Earthquake in Turkestan (now Kyrgyzstan)

The 1885 Belovodoskoe earthquake occurred on 2 August, in the Chüy Region, Russian Turkestan (now Kyrgyzstan), with a moment magnitude of 6.7–7.6. It had an epicenter in the west of Bishkek. This earthquake damaged 2 villages and caused 54 deaths. The maximum MSK-64 intensity was estimated at IX–X (Devastating).

== Earthquake ==
The earthquake was assigned a maximum Medvedev–Sponheuer–Karnik scale of IX–X. The surface rupture had an area about 20 km length between the Sokuluk and Aksu rivers, parallel to the mountain front, and a width between 0.2 and 2.1 m. The earthquake was felt over a large area. It caused numerous fractures and surface cracks, including a 20-km-long and up to 2-m-wide fracture between the Sokuluk and Aksu rivers. It also initiated rockfalls and landslides, some of which temporarily blocked the Sokuluk and Aksu rivers. Heavy liquefaction was reported from the area around the Aksu river.

An earthquake catalogue compiled by Kondorskaya and Shebalin assigned the earthquake magnitude as 6.9, but did not specify the subtype. This was calculated from the seismic intensity data. The maximum intensity was IX–X on the Rossi–Forel scale. In 2014, Bindi and others determined a moment magnitude of 6.7±0.4 based on an equation to calculate from seismic intensity data on the Medvedev–Sponheuer–Karnik scale.
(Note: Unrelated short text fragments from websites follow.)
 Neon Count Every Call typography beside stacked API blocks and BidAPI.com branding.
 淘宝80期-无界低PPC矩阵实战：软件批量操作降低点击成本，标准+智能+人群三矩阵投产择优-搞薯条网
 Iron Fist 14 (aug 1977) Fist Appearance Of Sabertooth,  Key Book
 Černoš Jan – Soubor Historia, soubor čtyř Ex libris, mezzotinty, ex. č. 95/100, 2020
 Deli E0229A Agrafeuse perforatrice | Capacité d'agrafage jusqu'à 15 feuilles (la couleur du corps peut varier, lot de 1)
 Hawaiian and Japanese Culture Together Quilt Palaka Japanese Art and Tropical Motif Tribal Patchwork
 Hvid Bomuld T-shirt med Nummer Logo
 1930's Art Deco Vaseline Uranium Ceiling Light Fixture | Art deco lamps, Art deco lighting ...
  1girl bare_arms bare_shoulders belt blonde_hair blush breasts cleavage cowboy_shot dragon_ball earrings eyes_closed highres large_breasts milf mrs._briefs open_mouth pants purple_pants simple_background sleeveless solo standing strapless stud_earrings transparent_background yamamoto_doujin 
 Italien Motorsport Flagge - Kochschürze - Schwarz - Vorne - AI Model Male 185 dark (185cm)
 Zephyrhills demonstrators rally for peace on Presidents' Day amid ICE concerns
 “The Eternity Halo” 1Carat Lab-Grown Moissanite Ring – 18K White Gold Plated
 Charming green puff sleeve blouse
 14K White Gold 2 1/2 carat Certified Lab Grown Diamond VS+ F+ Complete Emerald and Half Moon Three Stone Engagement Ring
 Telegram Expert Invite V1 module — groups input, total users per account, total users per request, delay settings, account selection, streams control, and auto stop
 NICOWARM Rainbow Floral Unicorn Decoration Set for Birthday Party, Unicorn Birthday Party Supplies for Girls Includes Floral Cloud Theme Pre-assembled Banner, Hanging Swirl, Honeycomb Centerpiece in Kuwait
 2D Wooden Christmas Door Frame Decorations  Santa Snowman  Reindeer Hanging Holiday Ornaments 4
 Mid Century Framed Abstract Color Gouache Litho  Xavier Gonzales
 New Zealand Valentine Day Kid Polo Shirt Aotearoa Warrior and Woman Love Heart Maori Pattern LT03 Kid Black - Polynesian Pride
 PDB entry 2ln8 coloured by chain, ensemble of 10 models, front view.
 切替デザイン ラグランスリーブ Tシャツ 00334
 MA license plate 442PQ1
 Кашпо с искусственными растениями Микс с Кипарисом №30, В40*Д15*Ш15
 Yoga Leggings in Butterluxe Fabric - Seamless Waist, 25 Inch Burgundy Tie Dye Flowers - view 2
The earthquake may have produced uplift across a riverbed, expressed as a 1.5 m scarp, discovered following a topographic survey finding published in 2001. In Belek, no evidence of surface rupture were found. The estimated magnitude was 6.9–7.4. In 2018, Krüger and others reassessed the moment magnitudes of major earthquakes in Central Asia; they determined 7.6±0.15 for the Belovodoskoe earthquake.

== Impact ==
Two villages from Kara-Balta and Belovodskoye were damaged, and 54 people died from the earthquake.